The FFA chapter at Brownstown Central High School established and maintained a farmers market in town for several years.
Its location in a town parking lot one block west of Main Street, however, meant it wasn’t very visible to the public and it failed to attract a lot of customers, FFA chapter sponsor Blake Hackman said. It has been a couple of years since anyone has sold anything there.
Brownstown/Ewing Main Street now wants to re-establish the farmers market in the 100 block of East Walnut Street, which lies just north of the courthouse, said Hackman, who also is a member of the nonprofit organization.
Hackman and Main Street board member Brian Wolka discussed the project with town council members during their meeting Monday night.
Wolka said the new location would be visible from Main Street, and there would be signage to help promote the market.
Hackman said the market would initially be open Wednesdays and Saturdays, and vendors would be allowed to back their trucks up to the curbs on the north side of Walnut Street to sell their produce to people on the sidewalks.
He said he has monitored that side of Walnut Street recently, and there are rarely any vehicles parked there during the day.
There will not be any sales on the street, Hackman said.
He said it would be operated similar to Seymour’s market, which is open daily.
Wolka said it has not been determined if growers from outside the county would be allowed, but all produce would have to be grown locally and couldn’t be purchased for resale.

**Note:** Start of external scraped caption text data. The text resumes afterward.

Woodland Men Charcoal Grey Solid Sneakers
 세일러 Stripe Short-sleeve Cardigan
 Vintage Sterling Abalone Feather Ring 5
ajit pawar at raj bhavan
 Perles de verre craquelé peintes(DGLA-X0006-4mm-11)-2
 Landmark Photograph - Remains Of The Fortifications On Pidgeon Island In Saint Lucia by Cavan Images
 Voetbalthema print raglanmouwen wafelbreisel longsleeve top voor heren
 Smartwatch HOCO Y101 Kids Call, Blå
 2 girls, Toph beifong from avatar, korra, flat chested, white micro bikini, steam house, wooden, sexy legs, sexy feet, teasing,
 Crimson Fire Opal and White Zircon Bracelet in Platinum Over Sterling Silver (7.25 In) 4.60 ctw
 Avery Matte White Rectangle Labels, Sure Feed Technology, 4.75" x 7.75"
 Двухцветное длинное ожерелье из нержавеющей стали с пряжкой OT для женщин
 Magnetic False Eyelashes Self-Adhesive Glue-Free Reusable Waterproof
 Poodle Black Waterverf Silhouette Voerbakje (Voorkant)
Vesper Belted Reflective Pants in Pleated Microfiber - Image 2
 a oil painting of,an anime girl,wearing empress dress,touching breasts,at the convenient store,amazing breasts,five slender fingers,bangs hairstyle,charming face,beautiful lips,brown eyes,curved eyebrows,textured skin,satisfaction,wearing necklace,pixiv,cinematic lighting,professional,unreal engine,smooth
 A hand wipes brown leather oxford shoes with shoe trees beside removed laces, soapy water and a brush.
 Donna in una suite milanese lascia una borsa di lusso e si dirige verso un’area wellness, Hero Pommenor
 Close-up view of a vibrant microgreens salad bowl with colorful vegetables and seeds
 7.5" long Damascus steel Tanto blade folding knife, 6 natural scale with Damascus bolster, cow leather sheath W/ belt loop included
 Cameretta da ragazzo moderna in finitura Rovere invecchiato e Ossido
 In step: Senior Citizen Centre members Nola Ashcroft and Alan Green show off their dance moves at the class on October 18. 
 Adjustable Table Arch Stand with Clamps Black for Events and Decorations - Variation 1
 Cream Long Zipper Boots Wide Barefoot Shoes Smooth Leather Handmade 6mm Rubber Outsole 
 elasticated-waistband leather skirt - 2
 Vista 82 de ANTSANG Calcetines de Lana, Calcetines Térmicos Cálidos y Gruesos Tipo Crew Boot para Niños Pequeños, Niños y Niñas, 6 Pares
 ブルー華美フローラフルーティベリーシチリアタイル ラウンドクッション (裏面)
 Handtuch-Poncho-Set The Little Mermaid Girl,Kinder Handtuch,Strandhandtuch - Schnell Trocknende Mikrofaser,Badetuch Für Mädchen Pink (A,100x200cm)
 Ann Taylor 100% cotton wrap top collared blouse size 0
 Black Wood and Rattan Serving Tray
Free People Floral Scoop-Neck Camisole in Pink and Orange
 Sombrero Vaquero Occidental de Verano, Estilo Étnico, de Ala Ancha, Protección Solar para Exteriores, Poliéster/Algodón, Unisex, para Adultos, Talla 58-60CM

Other food items such as breads, cakes and cookies could be sold, but vendors will be required to meet county health department regulations, Wolka said.
Vendors also would have to fill out an application similar to the ones producers in Seymour are required to fill out, Hackman said.
He said the FFA chapter has funds remaining that could be used to pay for the signage.
“We’re trying to do this without costing the town anything,” he said.
Council President John Nolting said the council, which eventually approved the proposal, appreciated that idea.
Nolting asked about liability, and Wolka said Main Street would provide the liability insurance for the market.
Wolka said the plan is to open the market as soon as possible. Some fruits such as strawberries are available now or will be shortly.